Extracted data entries:
━━━━━━━━━━

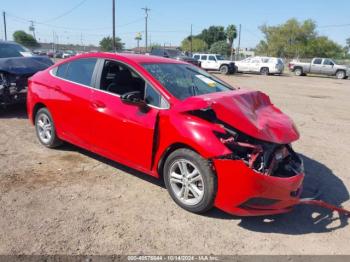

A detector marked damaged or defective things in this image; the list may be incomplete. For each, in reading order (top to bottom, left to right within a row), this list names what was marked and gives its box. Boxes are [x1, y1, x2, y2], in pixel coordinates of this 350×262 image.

crumpled hood [0, 55, 53, 75]
crumpled hood [175, 89, 300, 143]
damaged front end [190, 107, 304, 216]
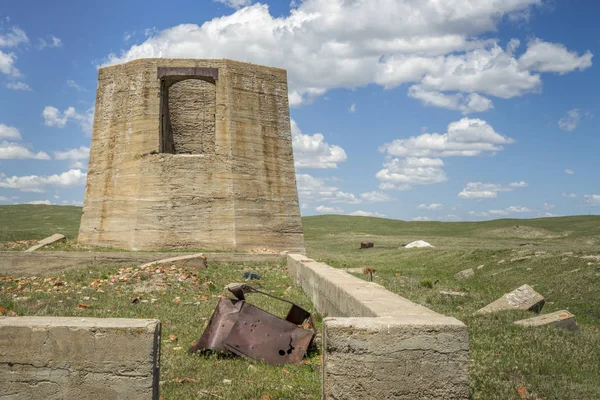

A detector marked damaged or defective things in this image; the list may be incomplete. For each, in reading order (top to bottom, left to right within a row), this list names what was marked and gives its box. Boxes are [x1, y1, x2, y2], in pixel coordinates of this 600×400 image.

rusty metal sheet [189, 296, 243, 354]
rusted metal debris [190, 282, 316, 366]
rusty metal sheet [221, 304, 314, 366]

━━━━━━━━━━

Reproduce the lines above exactly, please, but not the pictures in them.

TASK SOLUTION.
A detector marked damaged or defective things in this image; the list may be incomplete. For each, in reading order (top to bottom, left to right within a row), this list names what was marked and gives its box. Boxes are [x1, y1, x2, y2], in pixel coordinates of this 350×262 image.

crumpled hood [0, 55, 53, 75]
crumpled hood [175, 89, 300, 143]
damaged front end [190, 107, 304, 216]

A detector marked damaged or defective things in this image; the list may be incomplete. For each, in reading order (top to bottom, left to right within a row), this list names what was marked and gives its box. Boxes are [x1, y1, x2, y2], in pixel coordinates of this 600×400 image.

rusty metal sheet [189, 296, 243, 354]
rusted metal debris [190, 282, 316, 366]
rusty metal sheet [221, 304, 314, 366]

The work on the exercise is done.